Pouvez-vous nous parler de la genèse de ce projet immersif qui rend compte de l’expérience des femmes afghanes aujourd’hui ?
Caroline Gillet : En août 2021, j’ai commencé une correspondance avec Raha une jeune Afghane de vingt et un an vivant à Kaboul. Elle documentait son quotidien à travers des notes vocales qui ont d’abord donné lieu à un podcast puis à une série animée. C’est d’ailleurs pendant la création de la série que j’ai pu rencontrer Kubra Khademi. Ensemble, nous avons commencé à travailler sur cette installation immersive. Nous avions la volonté de faire vivre ce témoignage : il fallait faire partager intimement ce que traversent ces millions de femmes et de filles. C’était un défi car, tous les jours, nous évoluons dans un monde de l’image. Comment donner à ressentir ce qu’il se passe là-bas et également des images qui existent peu : l’intimité des femmes dans les foyers afghans ? Plutôt qu’un discours ou qu’un film, nous nous sommes concentrées sur l’idée de créer un espace sensoriel qui évoque la question de l’enfermement. Comment l’humain tente de s’y adapter ou d’y résister.
En quoi consiste cette immersion ?
Caroline Gillet : Concrètement, le public est livré à lui-même dans ce salon afghan. C’est un travail plastique total : la diffusion du son spatialisé, un jeu de lumières, de projections sur les murs font basculer les spectateurs dans une autre dimension. Personnellement, j’ai travaillé sur l’aspect sonore pour recréer l’atmosphère la plus réaliste possible. J’ai été rechercher dans les archives de sons, il y en a plus de trois cents, envoyés par Raha lorsqu’elle était à Kaboul, mais aussi grâce à une partie de sa famille.
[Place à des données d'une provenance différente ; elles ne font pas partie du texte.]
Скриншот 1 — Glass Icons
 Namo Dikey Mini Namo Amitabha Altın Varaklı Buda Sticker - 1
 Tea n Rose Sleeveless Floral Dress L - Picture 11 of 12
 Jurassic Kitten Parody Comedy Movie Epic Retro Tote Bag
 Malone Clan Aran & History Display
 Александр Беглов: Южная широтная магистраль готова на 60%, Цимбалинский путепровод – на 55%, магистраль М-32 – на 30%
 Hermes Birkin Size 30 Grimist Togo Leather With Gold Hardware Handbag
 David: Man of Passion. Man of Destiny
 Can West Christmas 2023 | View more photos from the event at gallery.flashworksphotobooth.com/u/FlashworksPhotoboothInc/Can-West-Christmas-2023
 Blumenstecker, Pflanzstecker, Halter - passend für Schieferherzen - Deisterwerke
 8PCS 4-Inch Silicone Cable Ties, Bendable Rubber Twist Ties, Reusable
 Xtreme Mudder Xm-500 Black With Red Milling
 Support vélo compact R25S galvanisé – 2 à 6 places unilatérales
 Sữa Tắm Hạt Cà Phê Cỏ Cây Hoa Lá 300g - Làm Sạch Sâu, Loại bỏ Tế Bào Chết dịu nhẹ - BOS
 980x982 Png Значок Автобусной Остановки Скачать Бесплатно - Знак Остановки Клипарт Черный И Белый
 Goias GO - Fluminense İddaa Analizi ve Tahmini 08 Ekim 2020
Quant à l’atmosphère de Kaboul, nous avons collaboré avec des amis encore sur place qui ont capté des sons de tous les jours. Nous avons aussi travaillé à recréer des chants et des ambiances, avec la complicité d’exilées afghanes, dans les studios de Radio France. Cette installation est aussi une nouvelle façon de se rencontrer, de se sentir proche, de recréer une proximité avec ces femmes et le pays. Mais c’est aussi une façon de partager un quotidien, cette oscillation entre résistance et optimisme alors que l’horreur s’installe jusqu’à contaminer le refuge le plus intime.
Pourquoi avoir choisi cette pièce comme lieu d’expérience et comment avez-vous procédé pour que cette immersion se transforme en prise de conscience pour le public ?
Kubra Khademi : Le salon est le centre névralgique de la vie sociale et intime afghane. Aujourd’hui, il est le dernier lieu de résistance en même temps qu’il est devenu une prison pour les femmes. Pour moi, il était important de rendre hommage à l’hospitalité traditionnelle, mais aussi à la résilience du peuple. Et cela passe par la reconstitution de l’intérieur dans lequel les femmes sont les figures principales. Au début de la séance, c’est une jeune femme qui accueille le spectateur, chacun se déchausse et s’assoit en face d’une assiette. Au centre de l’espace, j’ai voulu reproduire un chemin de table avec des mets traditionnels, des boissons, un décor généreux qui interroge le contexte de crise qui mine le pays. Le dispositif passe par une reconstitution à la fois visuelle et symbolique où les objets du quotidien revêtent une dimension philosophique. En plus des tapis et des tissus locaux, j’ai conçu des assiettes en céramique à partir de méthodes traditionnelles.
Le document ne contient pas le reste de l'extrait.